Google Releases Android 3.1, First Major Update to Honeycomb
Product mentioned in this article
Motorola Xoom (Wi-Fi + 3G)
The first Honeycomb tablet remains a solid choice in large part due to its strong overall performance and complement of ports. But newer models are lighter.
Google today announced its first significant update to Android 3.0 Honeycomb. Google will roll out the update to Verizon Xoom 3G users today, and to other Honeycomb devices over the next couple of weeks.
The announcement was made during today's keynote address at the Google I/O developers' conference in San Francisco.
What I find most interesting are the things Google focused on here at the keynote. Namely, that the improvements mentioned, though welcome, don't seem to address many of the issues I've already identified in Android 3.0. At the forefront: The image rendering glitch that's very obvious in the Gallery app, where images appear fuzzy and lack detail as compared with their original versions.

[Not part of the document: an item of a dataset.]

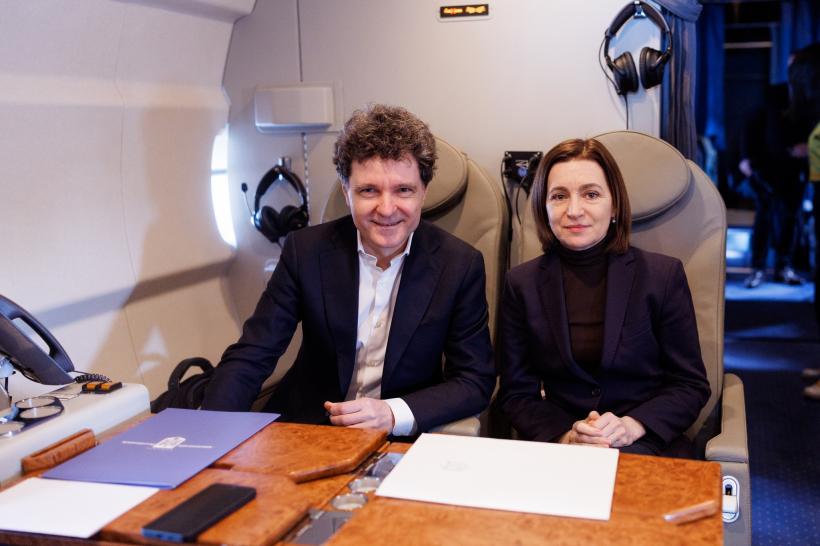 Nicușor Dan și Maia Sandu au plecat împreună spre Armenia, unde vor participa la summitul Comunităţii Politice Europene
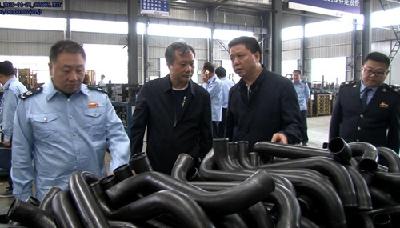 房县开展2019“便民办税春风行动”进企业暖人心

Today's update will improve the quick access button's function, so you can scroll amongst your recent tasks, instead of being limited to the number that fit on the screen. Some of these apps may be running, some may not be currently running, but were accessed recently. Google emphasizes that Android manages resources so you won't have to quit an app to launch something else. However, the company hasn't addressed the fact that, confusingly, the OS's poorly designed back button actually exits apps, as opposed to leaving them running in the background.
Also improved: You can now resize widgets horizontally or vertically in Honeycomb. On stage, the demo included resizing the mail widget to show more messages. This capability didn't surprise me; we already saw resizable widgets on Samsung's demo of its upcoming Galaxy Tab 10.1, behind closed doors at CTIA Wireless in March. Google says developers can update their current widgets to support this capability with just a few lines of .xml code.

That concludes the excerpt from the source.